Disseminated GA has been more specifically related to systemic conditions such as diabetes mellitus1,5 and, in rare cases, sun exposure.6 Actinic granuloma, described by O’Brien, is characterized by the presence in photo-exposed areas of lesions that are suggestive of GA7 but exhibit degeneration of elastic fibers, which are phagocytosed by histiocytes present in the infiltrate (elastophagocytosis).8

There are few published cases of GA induced by light radiation.4,9,10 According to some studies, solar radiation is considered one of the potential causes of GA. Attempts have been made to reproduce GA lesions using ultraviolet light, without success.1 We believe that this is the first reported case of photoinduced granuloma annulare in experimental conditions in the context of a photobiological study. There are some published descriptions of photoinduced GA in patients taking medication, such as paroxetine.10 However, in our patient the results of photopatch tests ruled out a pharmacological etiology. Despite the absence of medication, we believe that in our case a preformed antigen may have undergone a conformational change upon exposure to UVA, triggering GA-like granulomatous dermatitis.

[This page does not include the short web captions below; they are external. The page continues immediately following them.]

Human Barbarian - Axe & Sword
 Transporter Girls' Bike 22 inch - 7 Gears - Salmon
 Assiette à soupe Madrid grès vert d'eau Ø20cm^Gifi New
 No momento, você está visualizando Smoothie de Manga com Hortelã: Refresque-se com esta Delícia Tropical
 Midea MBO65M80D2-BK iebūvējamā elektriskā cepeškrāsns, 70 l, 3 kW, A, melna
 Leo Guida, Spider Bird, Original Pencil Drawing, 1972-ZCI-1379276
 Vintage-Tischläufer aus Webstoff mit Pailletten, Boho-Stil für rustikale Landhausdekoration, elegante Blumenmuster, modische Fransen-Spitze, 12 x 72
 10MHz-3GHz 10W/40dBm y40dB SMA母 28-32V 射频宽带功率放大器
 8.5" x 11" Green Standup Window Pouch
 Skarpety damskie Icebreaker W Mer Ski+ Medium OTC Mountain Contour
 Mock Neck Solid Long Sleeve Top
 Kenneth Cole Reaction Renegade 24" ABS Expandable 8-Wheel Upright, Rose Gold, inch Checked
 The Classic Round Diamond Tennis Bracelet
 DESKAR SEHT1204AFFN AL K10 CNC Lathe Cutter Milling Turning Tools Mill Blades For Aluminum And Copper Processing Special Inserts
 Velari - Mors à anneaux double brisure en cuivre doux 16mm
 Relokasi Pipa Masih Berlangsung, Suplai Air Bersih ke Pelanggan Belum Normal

Treatment of this entity is often unsatisfactory. Various treatment options have been used, including oral retinoids, antimalarials, and phototherapy.5,9 Our patient was recommended exhaustive topical photoprotection with a high sun protection index, including UVA and infrared photoprotection, as well as oral photoprotection. After 9 months of follow-up, the patient has not presented any new lesions and all existing lesions have stabilized.